Does he let you tell him all your favorite parts when you've seen it a million times?
Does he sing to all your music while you dance to "Purple Rain? "
Does he do all these things, like I used to?
I know, love, (I'm a sucker for that feeling.)
Happens all the time, love, (I always end up feelin' cheated.)
You're on my mind, love, (or so that matter when I need it.)
It happens all the time- love, yeah.
Will he love you like I loved you?
Will he tell you everyday?
Will he make you feel like you're invincible with every word he'll say?

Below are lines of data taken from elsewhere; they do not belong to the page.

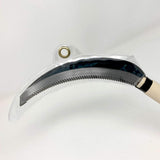 HACHIEMON Serrated Sickle Garden Tool for Weeding - Compact and Lightweight - Japanese Weeding Sickle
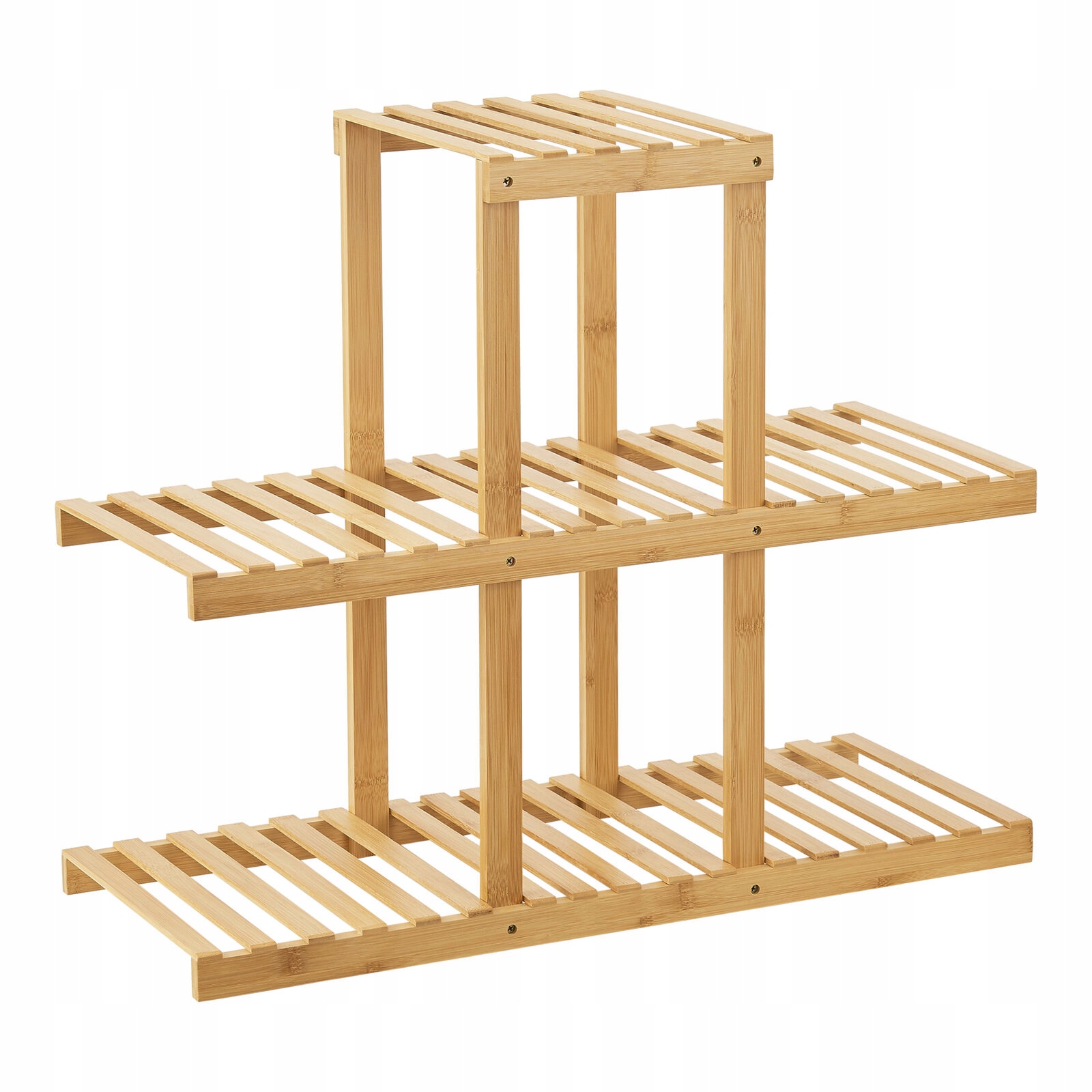 

Bambusowa Półka Stojak Rośliny Doniczki Kwietnik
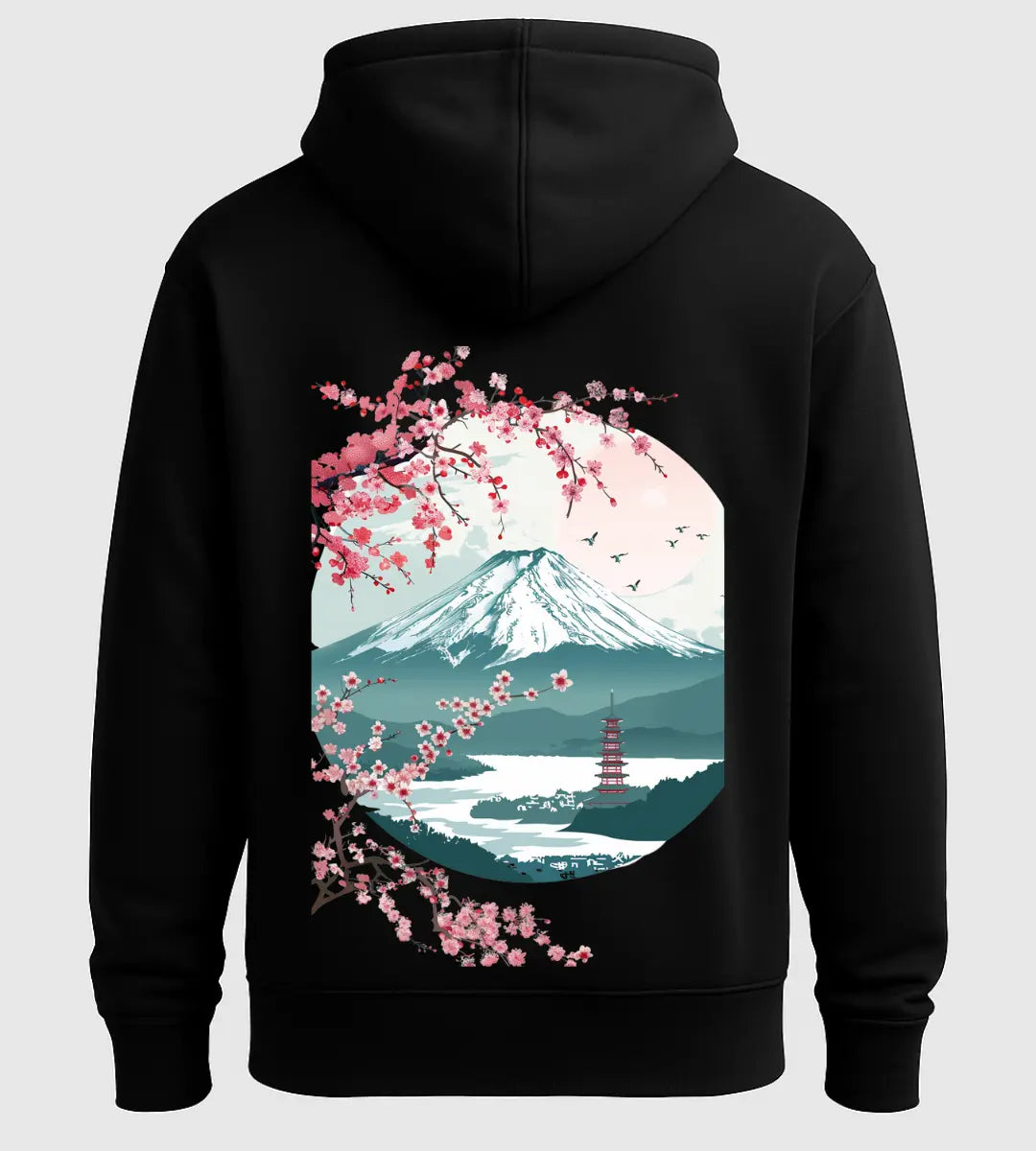 Pagoda Blossom View Hoodie Lorinfo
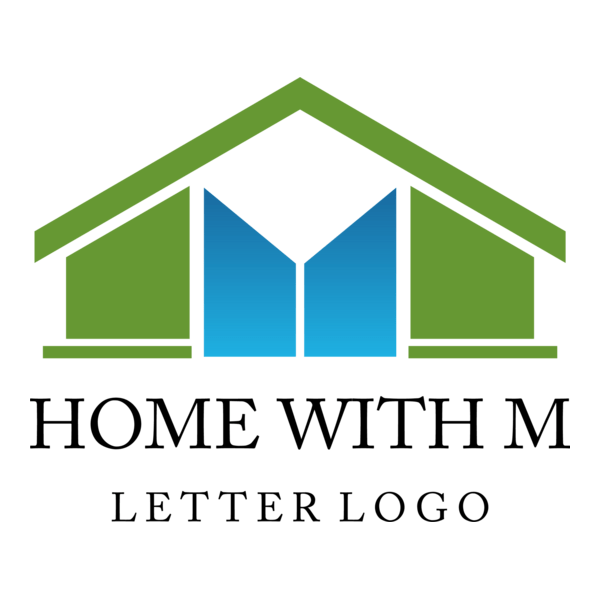 Home Building Construction M Letter Logo PNG Vector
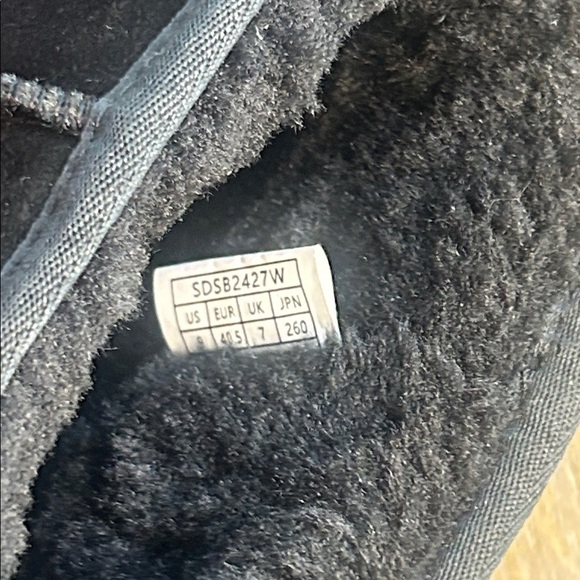 Dream Pairs Suede Mini Platform Boots Black Size 9 New - Picture 11 of 15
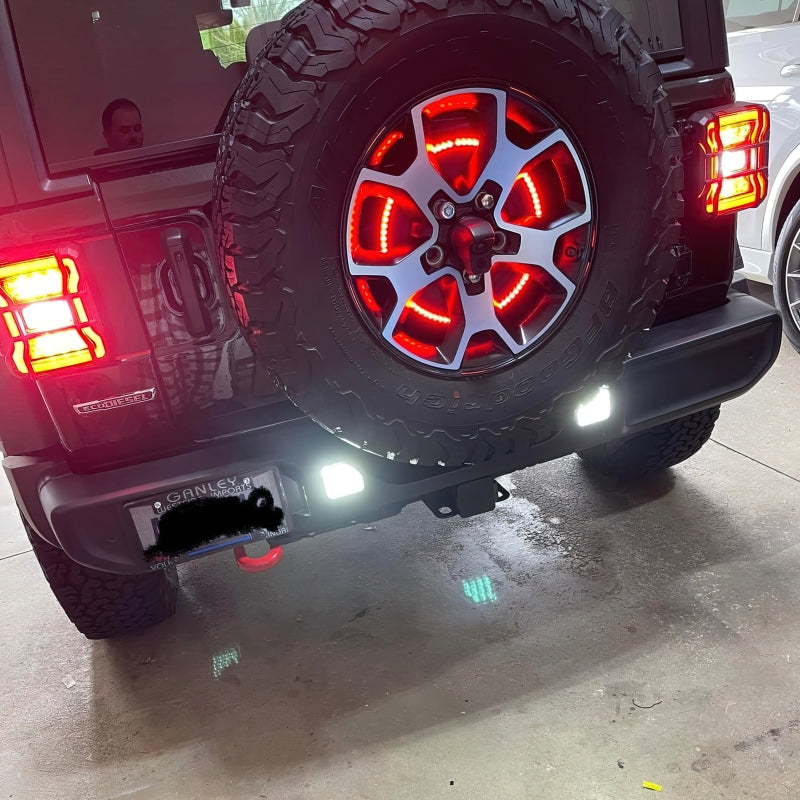 Oracle Rear Bumper LED Reverse Lights for Jeep Wrangler JL - 6000K - 0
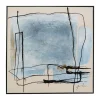 Abstract schilderij beige blauw - Kare Design Dust Blue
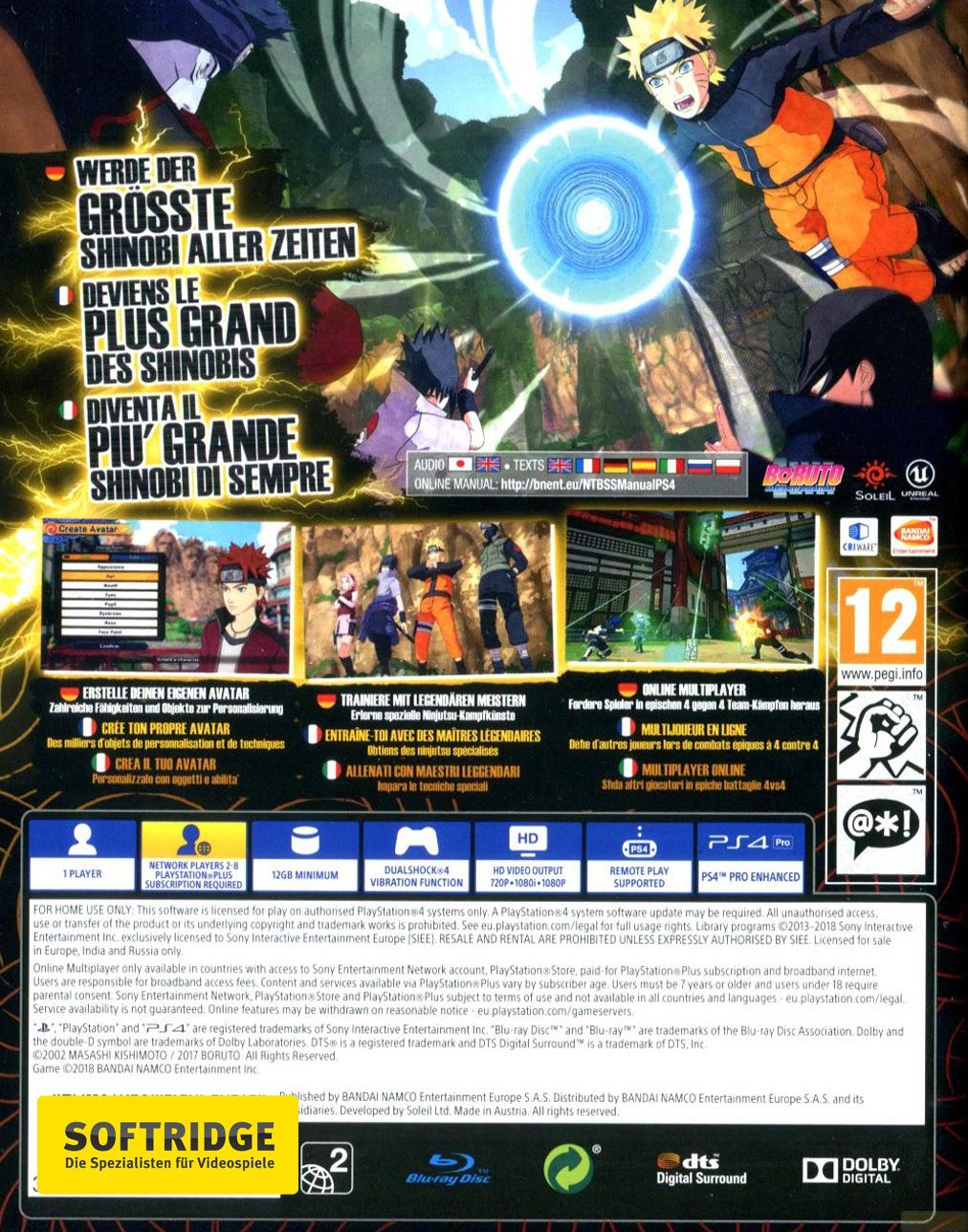 Naruto To Boruto Shinobi Striker Inkl Dlc Pack Ps4 Sondereditionen Softridge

Can you promise me if this was right:
Don't throw it all away!
Can you do all these things?
Will you do all these things...
Like we used to?
Oh, like we used to...
After a few last strums, the song was done and Lucas went nuts. "HEY NEPP! I THOUGHT YOU WEREN'T THIS-!" Before Lucas could even finish Carrie smached him. "Don't even TRY to insult my best friend Lucas. I'm sick of you being so heartless to everyone I care about. I was a sucker for this feeling, but this feeling wasn't true at all." Carrie then looked at me and smiled showing her white shinny teeth. "I miss the way we used to too Lens. You're always on my mind, and it happens all the time. And no, he doesn't watch my favorite movies and he defiantly doesn't hold me when I cry. I'm not even allowed to listen to Purple Rain. Lens, also, I don't love him like I loved you." I walked off stage and walked up to her. "So you did get what the song was about huh?" She laughed lightly. "Well no duh dummy. You think you were the only one counting days sense I've last seen you thanks to Lucas? I was counting even the seconds! The only reason I was dating him though was because I though it would be the best for all of us... Not letting me fall for you or anything, but I was wrong. I already did fall for you and I couldn't help it." I smiled sheepishly. "Really?" She nodded, before Lucas pushed me away from her. "CARRIE, I told you before. You aren't allowed to leave till I tell you-" "QUIT TREATING HER LIKE AN ITEM! She has her own life, let her choose what she want to do with it!" After a few moments. "You know what? See you all in hell!"
After Lucas stormed out Care look at me. "Sorry you had to wait so long Lens..." I just smiled. "There's nothing to be sorry about Care. Just as long as we can be like we used to." Carrie grabbed my hand at this moment. "Maybe even more then we used to..."
SORRY THIS TOOK SO LONG! ALEGBRA ONE IS KICKING MY ASS!